Dr John Lanham, Associate Dean at UWE Bristol, said, “UWE is pleased to be working with Gloucestershire College, GE Aviation and other local employers in developing and launching this trailblazer apprenticeship. The partnership builds on a long running collaboration between UWE, the College and GE.

“This is also the University's second successful trailblazer degree apprenticeship in the region. With City of Bristol College, we also run the FdSc Aerospace Engineering Manufacturing and it was very rewarding to see the first set of Airbus apprentices achieve their degrees in the summer.

“There are a wealth of opportunities in engineering as proven by UWE Bristol's consistently strong graduate employment arising from a number of routes for students from degrees with paid internships to degree apprenticeships. Degree apprenticeships are a strategic priority for UWE and align completely with the university's 2020 strategy, plans and ambitions, and this programme is the first of several UWE will be developing in the coming year.”

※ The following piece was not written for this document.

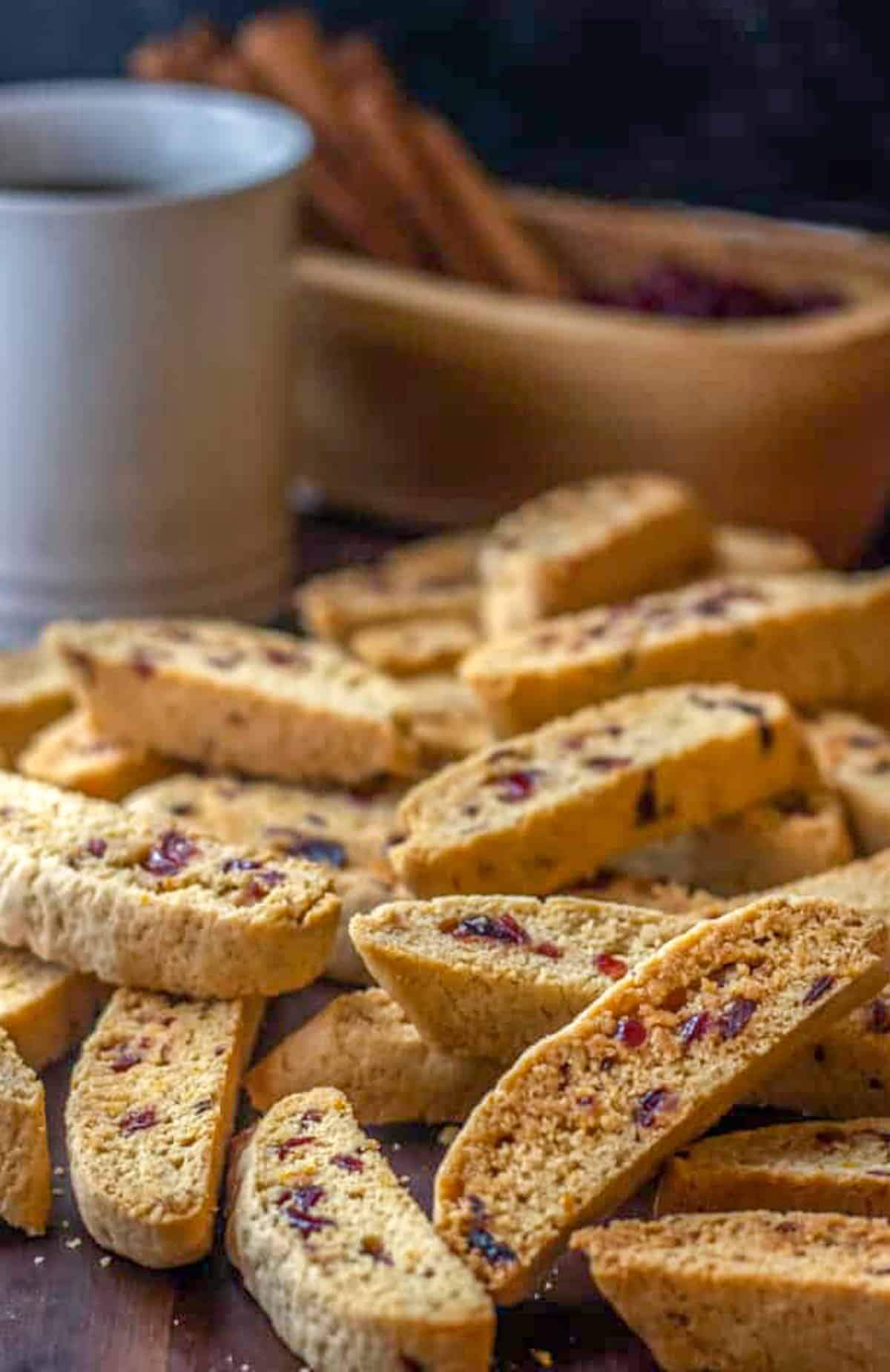 Cranberry orange biscotti piled up in front of a cup of coffee and container of cinnamon sticks.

The new degree apprenticeship is the second engineering qualification to be offered by Gloucestershire College and UWE Bristol, following the popular Foundation Degree in Electronic and Computer Engineering.

Brian Fowler, Head of Engineering at Gloucestershire College, said: “Our apprenticeship programme is already successful and this exciting new scheme offers a real alternative to going to university – it combines the apprenticeship with higher education.

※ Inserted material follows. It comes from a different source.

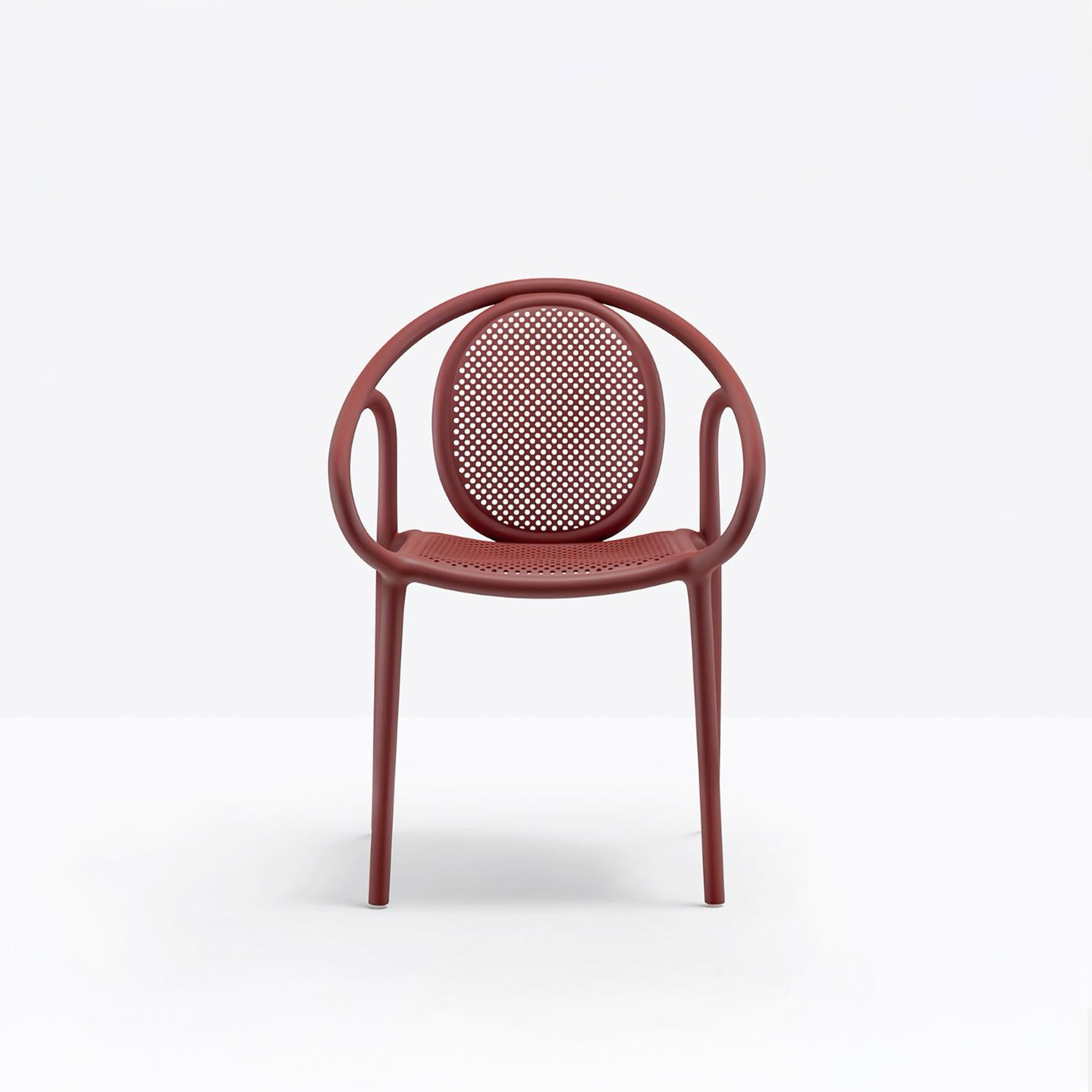 Pedrali Remind 3735 Armchair in red polypropylene with perforated backrest, front view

“From the start, students are able to 'earn and learn', and develop as professional engineers. We have actively worked with employers to identify their high level skill needs and can now offer higher education in partnership with UWE, at Gloucestershire College. In addition to the BEng (Hons) in Electronic Engineering, we have plans to offer similar mechanical programmes in the near future.”

The apprentices themselves view the degree apprenticeship as a viable route to a successful career in engineering, and are enjoying putting the practical skills they learn in college and university into practice in the workplace.

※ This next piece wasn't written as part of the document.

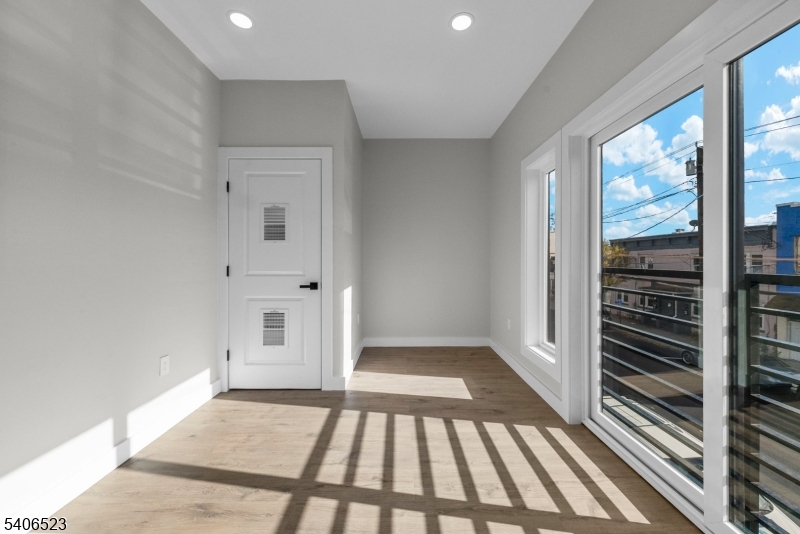 404 Washington Street Perth Amboy, NJ 08861 - Photo 22 of 45 wooden floor in an empty room with a window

Gary Shaw, 19, an apprentice from Gloucester who works for GE Aviation, said: “I chose the engineering higher apprenticeship with GE Aviation after initially hearing about the company during a work experience placement in Abu Dhabi. The company has a great reputation worldwide and the apprenticeship is a fantastic opportunity; it focuses on your own personal development and helps you improve your soft skills, as well as learn invaluable skills that are essential in an engineering workplace.”

Emma Hardiman, 20, an apprentice from Aston Somerville also working for GE, said: After my A levels I went to university, however I found that the learning style, lack of application and way of life didn't suit me. I chose to do the engineering higher apprenticeship because it means you can apply everything you learn from the degree modules at work. While at work we have an abundance of opportunities; we can take part in a wide variety of STEM activities and get involved in real engineering tasks. There is, of course, the added bonus of having no student debt and being paid throughout the apprenticeship.”

Clive Arnold, Engineering Resource Development Manager at GE Aviation, said: “I believe engineering higher apprenticeships have taken a major step forward under the new Employer Ownership of Skills and Trailblazer initiatives. The fundamental shift away from having Level 4 foundation degrees, followed by bolt-on Level 6 top-up degrees, will now provide a more seamless way of consolidating the combination of academic learning and expansive vocational experience that will be hard to match in any way, other than with a Level 6 or 7 engineering degree apprenticeship.”